Task to complete »
Each record should be copied exactly into the answer, and no picture should go with it.
Data shown START
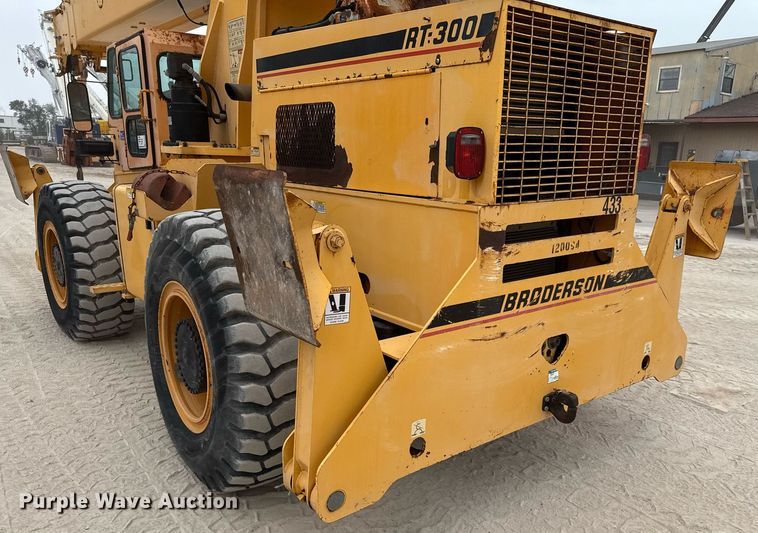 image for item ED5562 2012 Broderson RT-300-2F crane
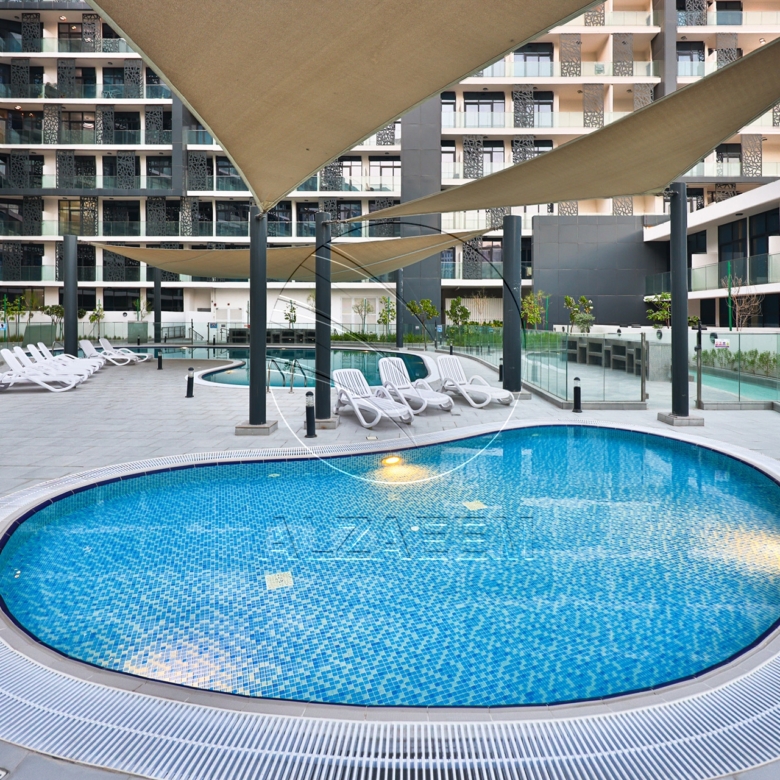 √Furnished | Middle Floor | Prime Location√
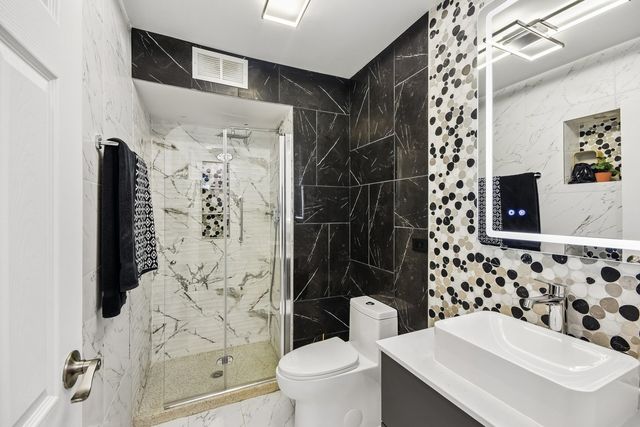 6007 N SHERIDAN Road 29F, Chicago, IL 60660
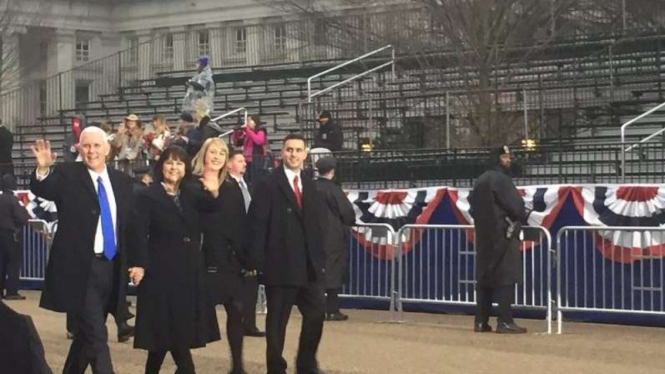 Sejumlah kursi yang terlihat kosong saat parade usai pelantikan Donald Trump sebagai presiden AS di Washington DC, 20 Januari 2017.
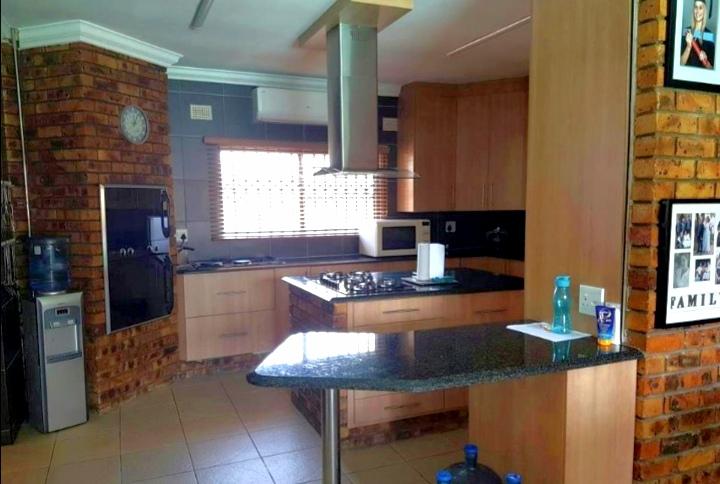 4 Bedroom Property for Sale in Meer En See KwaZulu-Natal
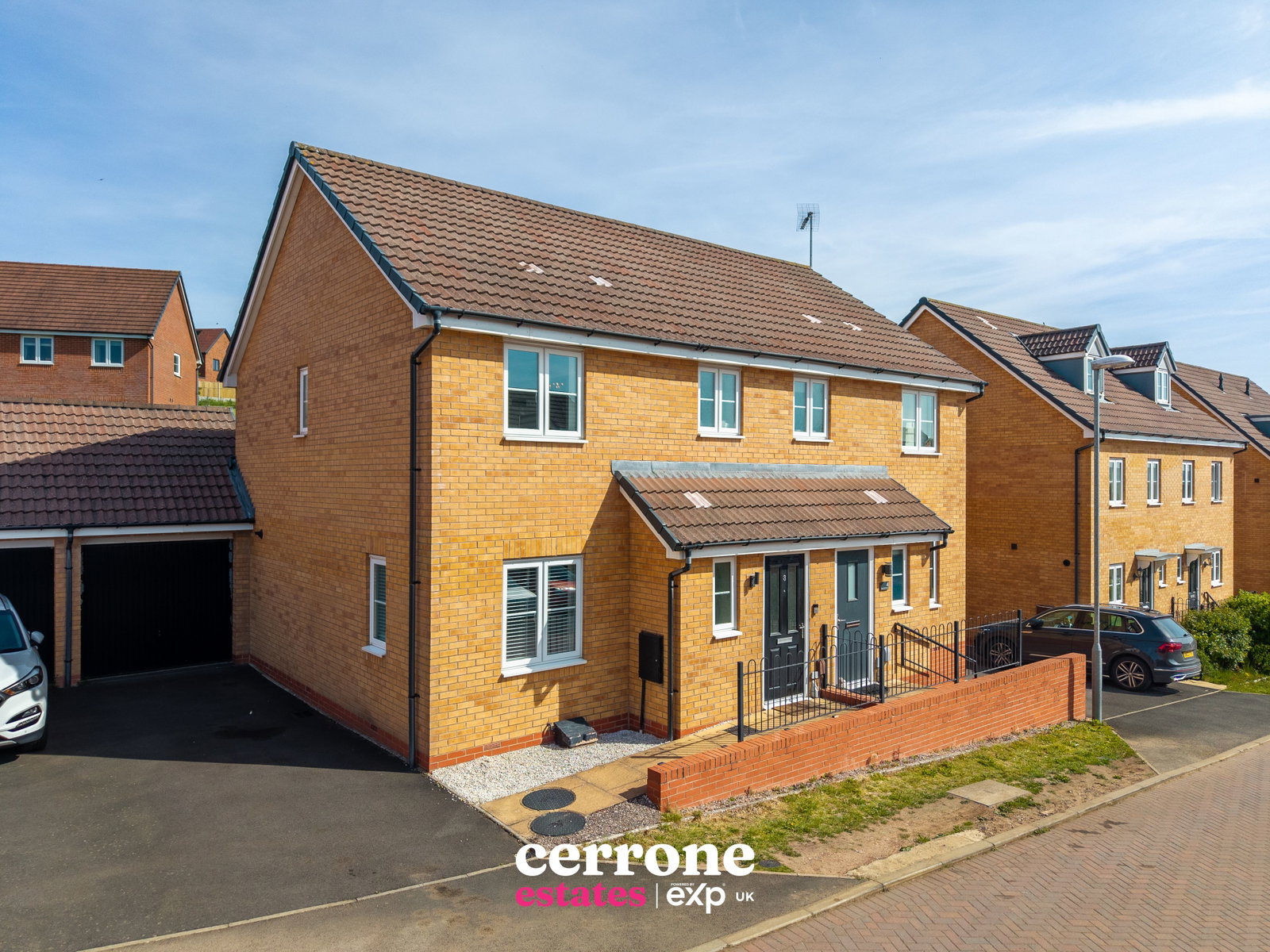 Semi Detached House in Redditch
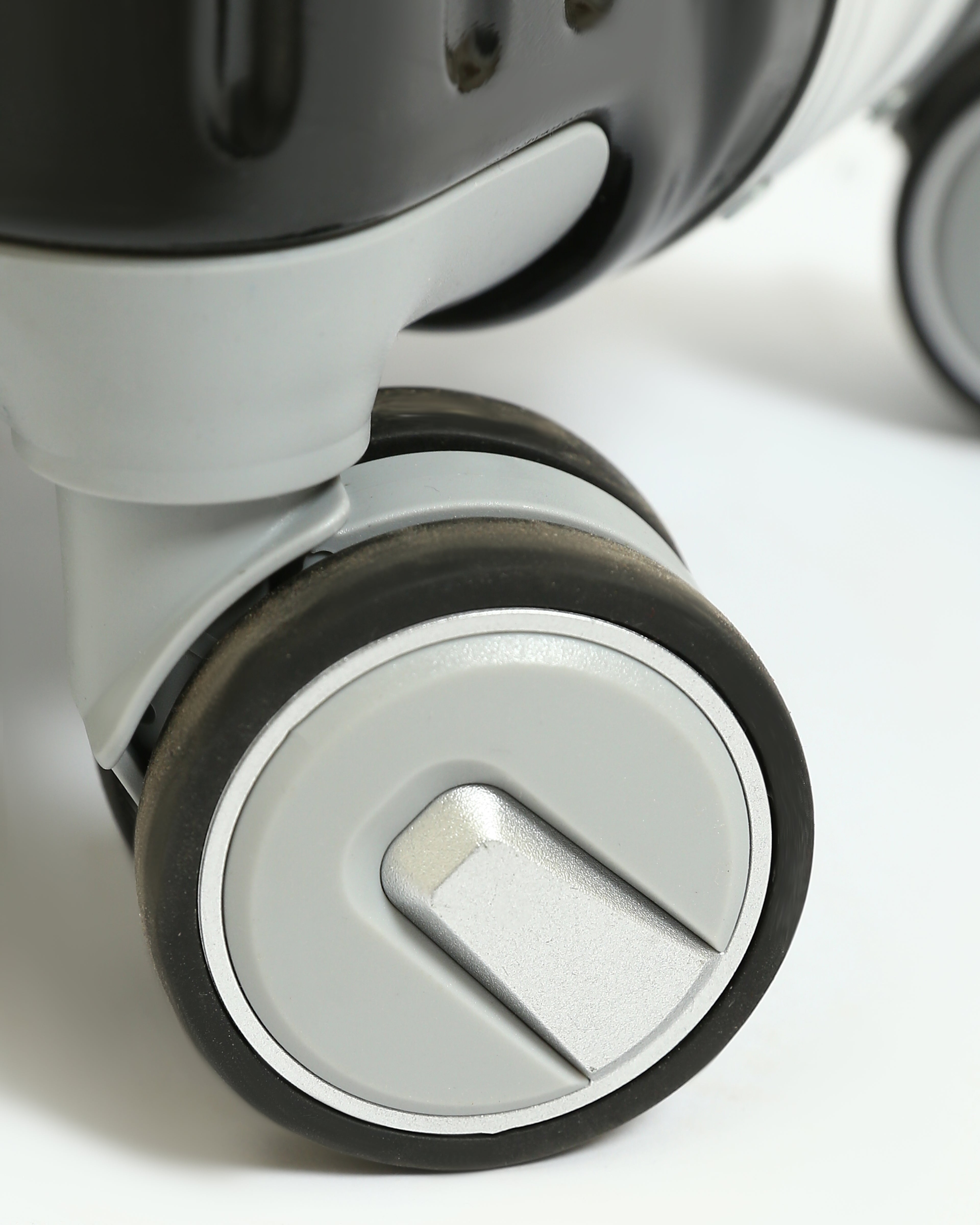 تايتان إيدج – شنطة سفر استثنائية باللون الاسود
Data shown END
Result for this task »
 image for item ED5562 2012 Broderson RT-300-2F crane
 √Furnished | Middle Floor | Prime Location√
 6007 N SHERIDAN Road 29F, Chicago, IL 60660
 Sejumlah kursi yang terlihat kosong saat parade usai pelantikan Donald Trump sebagai presiden AS di Washington DC, 20 Januari 2017.
 4 Bedroom Property for Sale in Meer En See KwaZulu-Natal
 Semi Detached House in Redditch
 تايتان إيدج – شنطة سفر استثنائية باللون الاسود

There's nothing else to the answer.